Related quotes and extracts - Ieuan Ellis

Quotes and extracts from Ieuan Ellis's workforce planning blog.

Health Select Committee Report on Workforce Planning in the NHS (March 2007) 

‘There has been a disastrous failure of workforce planning. Little if any thought has been given to long term or strategic planning. There were, and are, too few people with the ability and skills to do the task. The situation has been exacerbated by constant reorganisation…. The planning system remains poorly integrated and there is an appalling lack of coordination between workforce and financial planning…’

‘To avoid the boom and bust of recent years and produce a workforce appropriate for the future, we make one major recommendation: workforce planning must be a priority for the health service’.

NHS Workforce Planning: Limitations and Possibilities – The Kings Fund (November 2009)

The report recommends that ‘the emphasis of workforce planning should not be solely on 'new' recruits but on how the system can develop new skills for those who are already employed in the service’.

Other key recommendations include:

‘There should be greater clarity of roles and responsibilities. Roles within workforce, service and financial planning need clarity, and current overlaps and gaps should be identified and resolved’.

‘The multi professional approach to workforce planning should be strengthened and there should be better co-ordination between policy levers’.

Workforce Planning in the NHS. (Kings Fund, April 2015)
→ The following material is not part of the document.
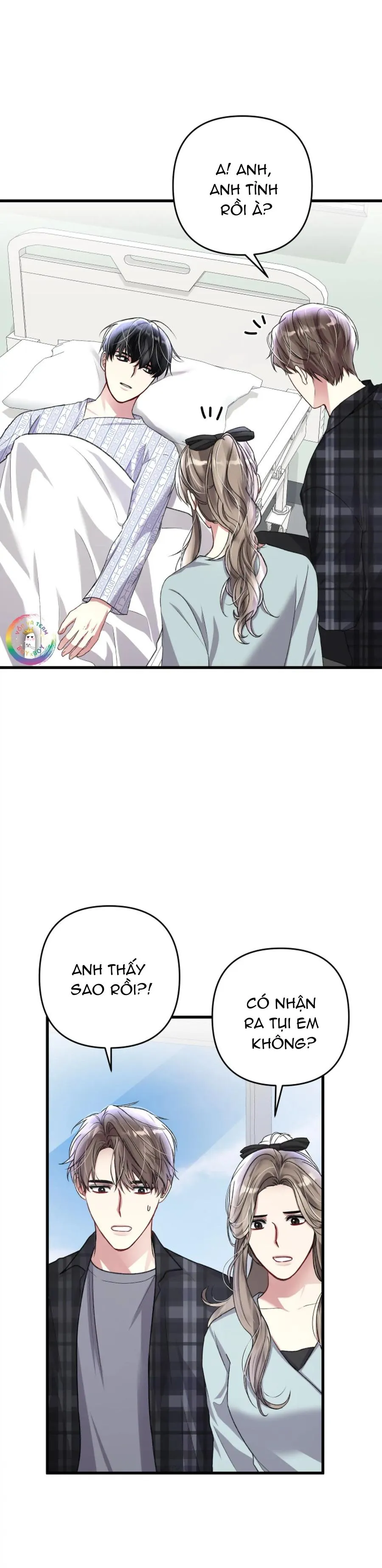 Cuộc Sống Thường Nhật Của Trị Liệu Viên Hạng B (END) Chapter 61 Trang 4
‘…while Health Education England is responsible for training the workforce of the future, it is less clear who is responsible for managing and recruiting the workforce that is needed today. While most workforce issues are, of course, best left to individual employers, where there is evidence of widespread difficulties at national level it will be difficult for any one employer to take effective action. Whether in relation to return-to-practice campaigns, international recruitment or measures to increase the attractiveness of key professional groups, there is a case for co-ordinated national leadership to ensure that best practice is easily accessible across the NHS. NHS Employers, Health Education England, NHS England and others have all taken on elements of this role, sometimes operating outside their statutory responsibilities. However, this was clearly not enough to prevent the deep recruitment difficulties we are now witnessing in general practice and nursing, among other sectors. Just as the national bodies came together in the Forward View to provide a single perspective on the changes needed, they need to provide the same leadership to address the resulting changes to the workforce.’

Fit for Purpose? Workforce Policy in the English NHS. (The Health Foundation, March 2016)

Workforce policy in England involves a complexity of institutions, including more than 40 statutory bodies working at a national level, a further 16 Royal Colleges, 18 trade unions, as well as over 100 professional and specialist institutions. This level of complexity (and sometimes obscurity) makes it a difficult policy web to untangle.

‘The solution to the workforce system’s structural problems is not to seek wholesale re-organisation, but to improve opportunistically, and to introduce better strategic coordination. We recommend the formation of a National Workforce Strategy Board to take forward this new approach’.